Mutagenicity of diesel exhaust particles mediated by cell–particle interaction in mammalian cells

Diesel exhaust particle (DEP) has been identified as a class 2A human carcinogen and closely related to the increased incidence of respiratory allergy, cardiopulmonary morbidity and mortality, and risk of lung cancer. However, the molecular mechanisms of DEP mutagenicity/carcinogenicity are still largely unknown. In the present study, we focused on the mutagenicity of DEPs in human–hamster hybrid (AL) cells and evaluated the role of cell–particle interaction in mediating mutagenic process. We found that DEPs formed micron-sized aggregates in the medium and located mainly in large cytoplasmic vacuoles of cells by 24 h treatment. The cellular granularity was increased by DEP treatment in a dose-dependent manner. DEPs resulted in a dose-dependent increase of mutation yield at CD59 locus in AL cells, while inflicting minimal cytotoxicity.
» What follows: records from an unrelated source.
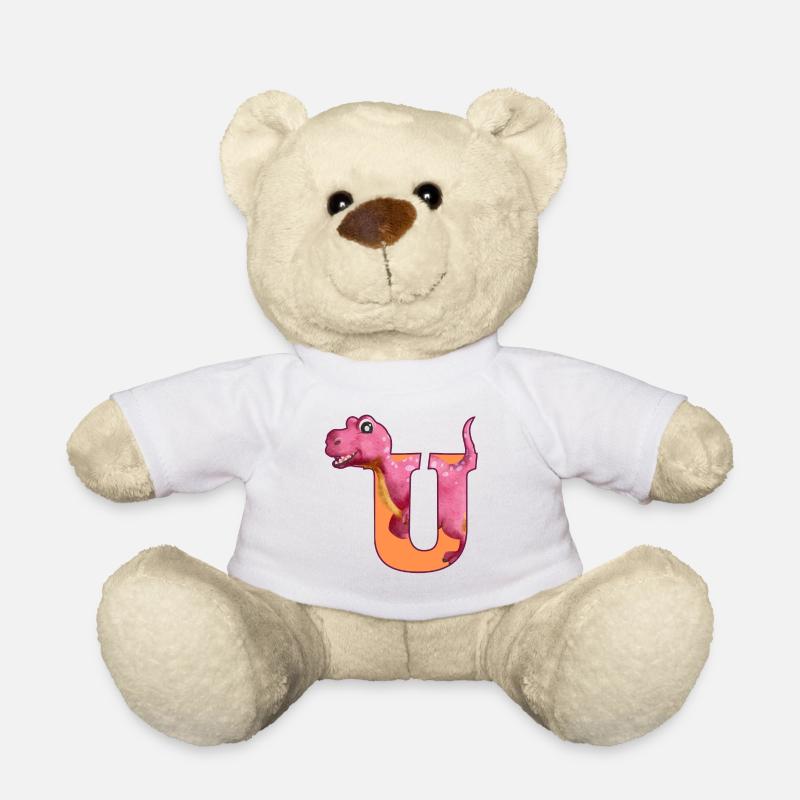 U - DINOSAURIER, Personalisierbar - Teddy - Weiß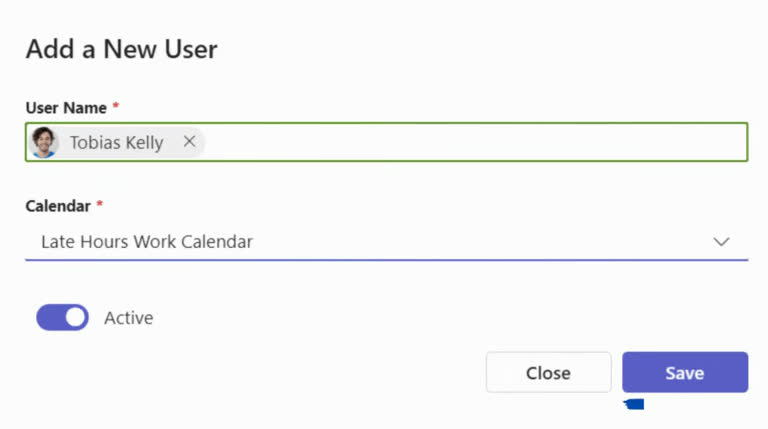 SteadyPoint Helpdesk screen showing assigning a custom calendar to a helpdesk user.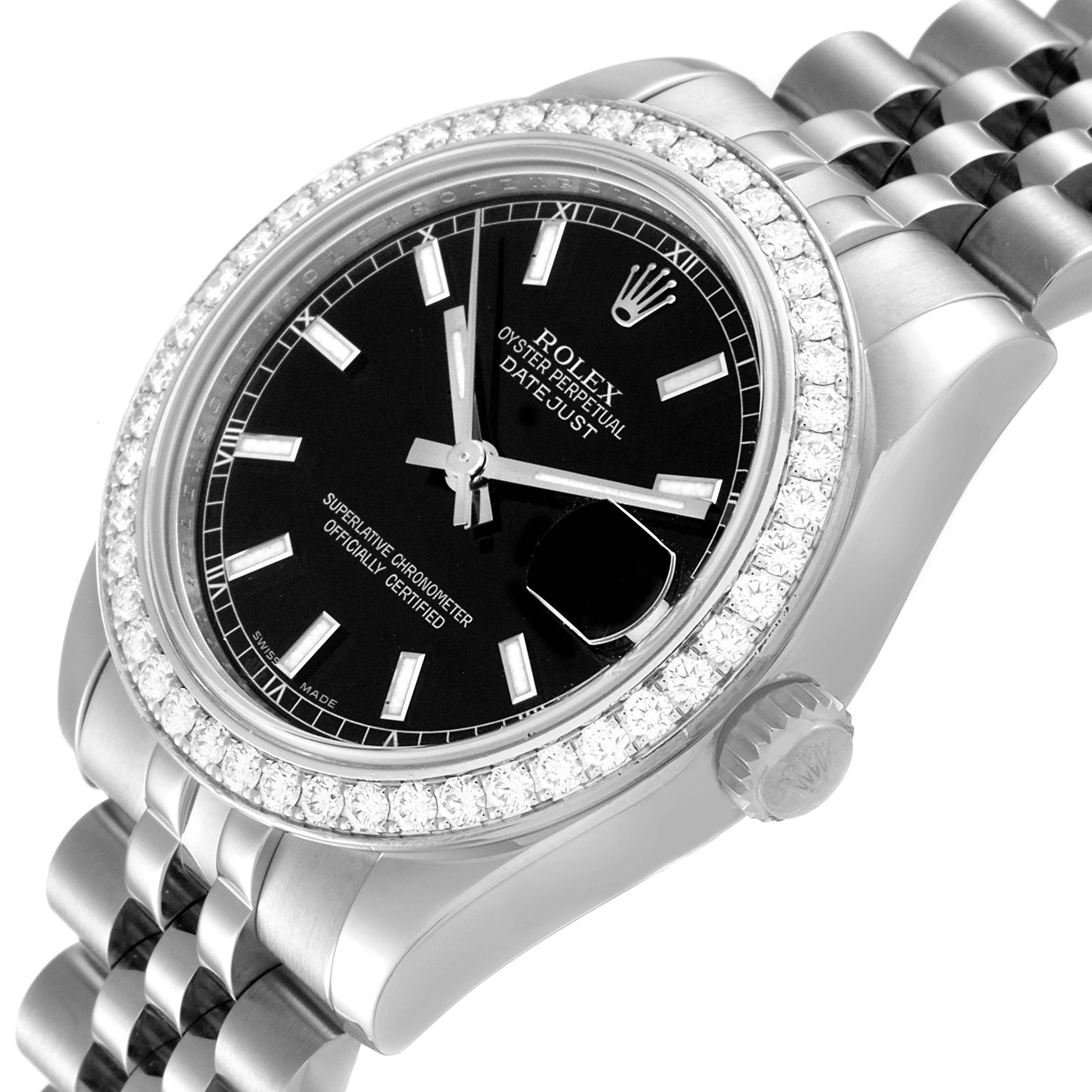 The image shows a Rolex Mid-Size 178384 Women's Stainless Steel Black Dial 178384 Women's Stainless Steel Black Dial Datejust watch at an angled view, displaying the dial, bezel, crown, and part of the bracelet.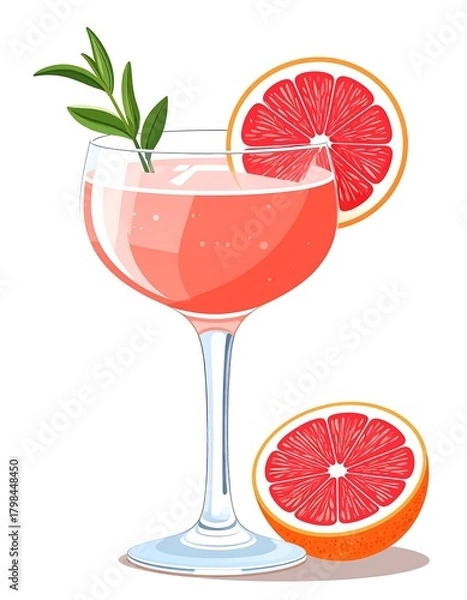 Fototapeta Pink cocktail with grapefruit slices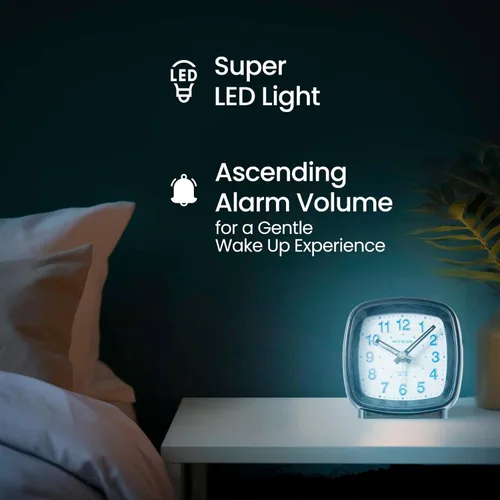 Vista 5 de Miykon Reloj despertador analógico cuadrado pequeño – Silencioso sin tictac, funciona con pilas con luz LED y repetición – Escritorio, mesa, viaje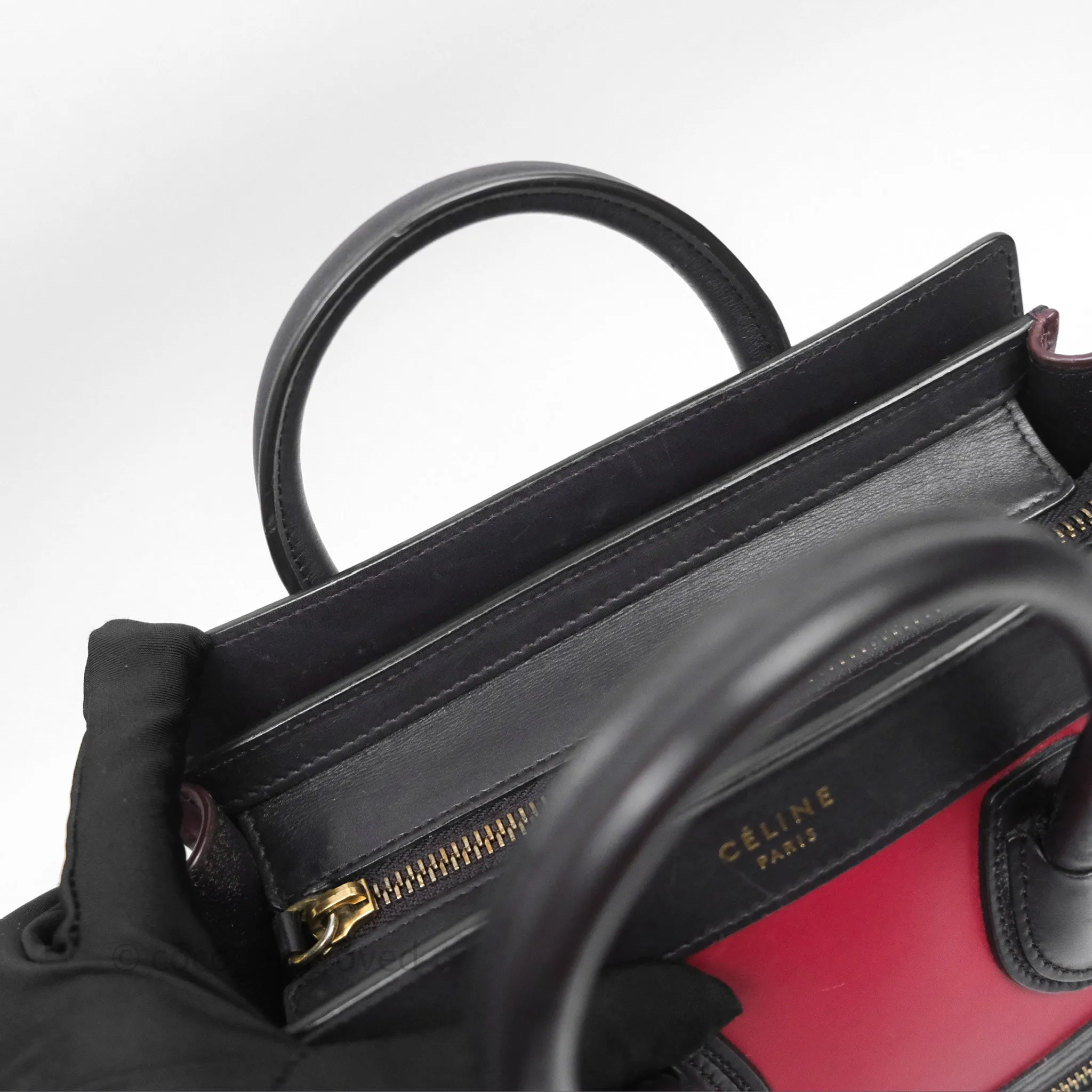 Celine Nano Luggage Satin Calfskin Gold Hardware Red/ Dark Brown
There was a more than two-fold increase of mutation yield at CD59 locus in AL cells exposed to DEPs at a dose of 50 μg/ml. Such induction was significantly reduced by concurrent treatment with phagocytosis inhibitors, cytochalasin B and ammonium chloride (p < 0.05). These results provided direct evidence that DEPs was mutagenic in mammalian cells and that cell–particle interaction played an essential role in the process.